Sarah Hancock with Gourmet Gardens says that while their wholesaling is incredibly popular, it’s the private-label opportunities for garden centers that she sees as their highest-performing option.
“Over 90% of our customers choose the private label option for their products,” Hancock said. “When it comes to our look, we want it to look ‘old fashioned,’ like maybe they made [the product] themselves. And that’s what they want, too — especially when they hear that [private labeling] is free.”
Started unofficially in the 1950s, Dillman Farms, located in Bloomington, Indiana, is also a regional canned goods wholesaler and private label company. Described as an “all-natural, premium food brand” which started with canned apple butter nearly 60 years ago, Dillman Farms provides retailers with everything from preserves and jellies to salsas and marinades.
“My husband’s grandfather started making apple butter initially,” said Megan Dillman, marketing director. “It eventually turned into people wanting that apple butter — so he learned how to can it. Soon after, he started making preserves by request.”
Like Gourmet Gardens, Dillman Farms also offers their customers the opportunity to private-label their products. But it’s the company’s ability to offer custom-labeling options, providing garden centers more variety and customizability in their labels, that they think sets them apart from their competitors.
Instead of typical private-labeling options, which generally give garden centers their choice of a limited selection of fonts, colors and labels, custom labeling allows retailers to completely customize every aspect of their label — providing each garden center with a unique product.

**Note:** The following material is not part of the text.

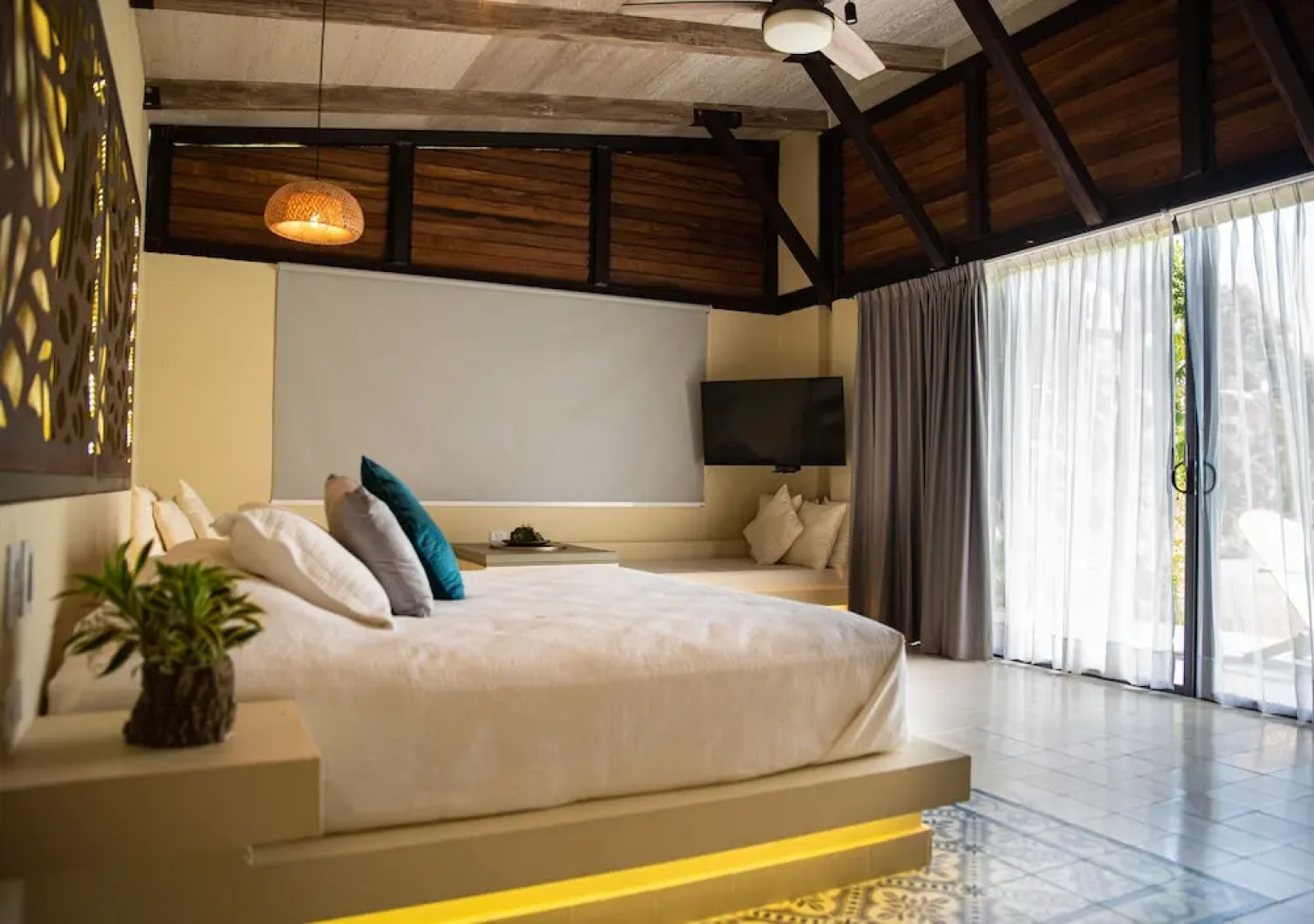 Gardenia Springs - La Finca Buritaca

“A lot of [garden centers] that are going to do private label, we focus on educating them a bit more about doing something other than just a stock label,” Dillman said. “There’s definitely been an increase in the ‘private-branding,’ custom brand experience.”
For Marshall Grain Co., Connelley says that what is selling can depend on the time of the year, as well as what is in stock — but that generally, aside from the artisanal Dublin sodas, their salsa and barbecue sauce collection sells best.
“We have a lot of pickled vegetables … and of course, the Dublin sodas are very big here in Texas,” Connelley said. “But definitely our salsas and barbecue sauces are really popular as well.”
From a distribution standpoint, both Gourmet Gardens and Dillman Farms offer a similar variety of products — and see a similarity in the popularity of the types of products sold in garden centers.
“Depending on the time of the year, our jellies and preserves are really good,” Hancock said. “They will really pick up especially in the fall, with products like apple butter.”
“Obviously, region-by-region, it varies,” Dillman said. “Our preserves do really well — apricot preserves, peach preserves … blackberry, strawberry and blueberry. But our salsas and mustards have definitely picked up momentum in the last five to 10 years.”
Why Garden Centers?
For Marshall Grain Co., Connelley says that, at first glance, garden centers and food items might not seem like a perfect pair. But as Dillman points out, garden centers are the perfect demographic for any natural, private-labeled food items.
“Looking at the demographic of garden centers, [the customers] are already going to these smaller venues to look for garden items,” Dillman said. “These are people that already appreciate the specialty, the all-natural … and we like to tell them our story. We are a family-driven business, and I think [the customers] appreciate that … because that’s generally who is there shopping.”
Hancock also added that while they provide product to many retailers nationwide, it’s the garden center and greenhouse industries that are their biggest demographic, as well.
“As long as I’ve known, [the garden center segment] has been the biggest industry that pursues our offerings,” Hancock said. “Usually, they’re looking to expand their product offerings, and what we offer is a perfect starting point to them.”